# Spline Jig



## moke (Oct 19, 2010)

I am looking for some links to plans for a decent corner spline jig…..adjustable depth please. I made one years ago and it sucks! 
Thank you in advance,


----------



## ScottM (Jul 10, 2012)

I made this one and it has worked well for me. Not sure what you mean by "adjustable depth". Just raise or lower the blade?


----------



## MJCD (Nov 28, 2011)

Moke:

The one key I have found to good spline joints is to flip the female - the dado, such that the dado is centered on the board - assuming that most want centered splines. The dado should be slightly (1/64, or so) deeper than the tenon; so that the tenon doesn't bottom-out inside the dado.

If you're going to be doing a lot of these, Sommerfeld Tools has an excellent process - I've used it several times on Blanket Chests - these happen to be off-center.


----------



## moke (Oct 19, 2010)

Thanks, I meant the ability to go rather deep and it is for boxes…I should have specified…...but your jig looks awesome for picture frames.


----------



## Andybb (Sep 30, 2016)

Too many to count on youtube


----------



## pottz (Sep 15, 2015)

http://lumberjocks.com/projects/225490 mike this is one I made awhile back not sure if this would work better for you?


----------



## ScottM (Jul 10, 2012)

> Thanks, I meant the ability to go rather deep and it is for boxes…I should have specified…...but your jig looks awesome for picture frames.
> 
> - moke


It works for boxes too. I've done several using it.


----------



## moke (Oct 19, 2010)

Pottz--That was exactly what I was looking for! I knew I had seen it here somewhere but I couldn't remember where….(this aging thing is not for sissies)
Thank You

MJCD….
Thanks I will look into that


----------



## pottz (Sep 15, 2015)

glad to help mike,it works great for boxes.and you can make one basically as big as you need.


----------



## Bill_Steele (Aug 29, 2013)

The jig shown in the video link looks pretty good.
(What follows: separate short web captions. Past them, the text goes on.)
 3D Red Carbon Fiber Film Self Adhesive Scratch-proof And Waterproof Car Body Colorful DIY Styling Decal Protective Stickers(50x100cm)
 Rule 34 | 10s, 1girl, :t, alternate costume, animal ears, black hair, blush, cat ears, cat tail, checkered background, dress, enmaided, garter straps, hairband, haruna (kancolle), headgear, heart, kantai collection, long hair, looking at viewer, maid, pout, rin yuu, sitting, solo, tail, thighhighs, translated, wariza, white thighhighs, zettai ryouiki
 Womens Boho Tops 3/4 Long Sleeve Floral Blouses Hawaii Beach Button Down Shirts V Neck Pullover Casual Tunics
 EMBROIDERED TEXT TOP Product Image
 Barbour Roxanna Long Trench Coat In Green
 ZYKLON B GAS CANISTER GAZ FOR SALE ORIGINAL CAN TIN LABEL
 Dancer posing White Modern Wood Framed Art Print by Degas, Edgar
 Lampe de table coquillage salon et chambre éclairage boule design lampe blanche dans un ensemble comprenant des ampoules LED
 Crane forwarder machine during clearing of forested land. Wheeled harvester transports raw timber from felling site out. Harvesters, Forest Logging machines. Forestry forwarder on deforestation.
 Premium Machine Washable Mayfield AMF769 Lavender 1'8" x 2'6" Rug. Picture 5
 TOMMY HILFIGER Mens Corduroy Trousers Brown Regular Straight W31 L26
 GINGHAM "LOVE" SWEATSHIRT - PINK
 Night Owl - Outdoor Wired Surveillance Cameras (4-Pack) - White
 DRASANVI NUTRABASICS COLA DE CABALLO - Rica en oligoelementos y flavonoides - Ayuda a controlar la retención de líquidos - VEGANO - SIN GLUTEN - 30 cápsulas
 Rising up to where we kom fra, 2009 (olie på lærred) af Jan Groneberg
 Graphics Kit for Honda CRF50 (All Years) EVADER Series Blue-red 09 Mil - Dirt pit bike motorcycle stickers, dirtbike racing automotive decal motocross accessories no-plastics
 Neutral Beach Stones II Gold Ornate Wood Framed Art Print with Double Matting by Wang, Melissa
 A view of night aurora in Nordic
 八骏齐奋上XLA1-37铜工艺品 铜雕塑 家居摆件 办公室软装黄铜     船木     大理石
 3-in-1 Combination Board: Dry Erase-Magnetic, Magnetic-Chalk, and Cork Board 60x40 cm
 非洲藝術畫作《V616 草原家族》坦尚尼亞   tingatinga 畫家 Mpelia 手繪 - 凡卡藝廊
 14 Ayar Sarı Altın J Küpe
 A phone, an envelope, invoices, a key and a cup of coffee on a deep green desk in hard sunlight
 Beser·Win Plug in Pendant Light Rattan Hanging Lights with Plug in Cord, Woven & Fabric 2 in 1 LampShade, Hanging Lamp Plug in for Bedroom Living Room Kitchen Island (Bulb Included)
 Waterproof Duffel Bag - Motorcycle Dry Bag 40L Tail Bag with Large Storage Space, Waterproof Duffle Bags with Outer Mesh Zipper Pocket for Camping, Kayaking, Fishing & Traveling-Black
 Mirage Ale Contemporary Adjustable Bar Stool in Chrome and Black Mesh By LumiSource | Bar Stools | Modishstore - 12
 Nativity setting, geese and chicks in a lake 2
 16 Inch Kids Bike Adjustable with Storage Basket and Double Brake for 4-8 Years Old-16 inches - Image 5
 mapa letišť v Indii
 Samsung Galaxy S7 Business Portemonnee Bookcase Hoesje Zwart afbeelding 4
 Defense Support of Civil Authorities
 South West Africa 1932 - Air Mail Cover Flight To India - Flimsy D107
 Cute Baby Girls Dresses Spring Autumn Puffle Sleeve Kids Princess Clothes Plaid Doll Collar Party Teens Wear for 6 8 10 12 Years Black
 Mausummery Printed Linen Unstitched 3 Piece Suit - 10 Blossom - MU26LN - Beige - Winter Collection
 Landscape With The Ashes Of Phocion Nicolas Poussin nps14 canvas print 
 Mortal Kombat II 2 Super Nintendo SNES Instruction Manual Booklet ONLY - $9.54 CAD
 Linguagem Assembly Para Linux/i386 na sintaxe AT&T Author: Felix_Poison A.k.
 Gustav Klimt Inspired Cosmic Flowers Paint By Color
On a side note-I find it interesting/funny that the Drunken Woodworker was able to get sponsorship money from a company (micro-jig) that makes safety oriented products.


----------



## pottz (Sep 15, 2015)

mike maybe this is something you could use also.great for very large boxes and chests.i got one of these at rockler.havn't really had a chance to play with yet.


----------



## LazarusDB (Dec 12, 2017)

I made mine using the simple plans in issue 219 of Woodsmith magazine.


----------



## moke (Oct 19, 2010)

Thanks Pottz…I'll look at that, but I really liked the one you showed earlier

Aaron, thanks, I am going to the woodsmith store on Thursday….. same folks as the magazine…... I was wondering if they had something on hand.


----------



## PRGDesigns (Jan 25, 2012)

FYI - For some unknown reason, Rockler no longer sells their Large Corner Spline Jig.


----------



## pottz (Sep 15, 2015)

> FYI - For some unknown reason, Rockler no longer sells their Large Corner Spline Jig.
> 
> - PRGDesigns


so i have up for auction one large corner spline jig-LOL.


----------



## moke (Oct 19, 2010)

Hey guys…I shouldn't do this, but it is my post…. is this new grip the same size as the old one….in other words it still "plugs" into the same receptacle on the machines…they haven't changed sizes right?

I'm assuming they replaced it because the old ones broke….DAMHIKT

http://www.rockler.com/rockler-dust-right-quick-change-multi-port-tool-set


----------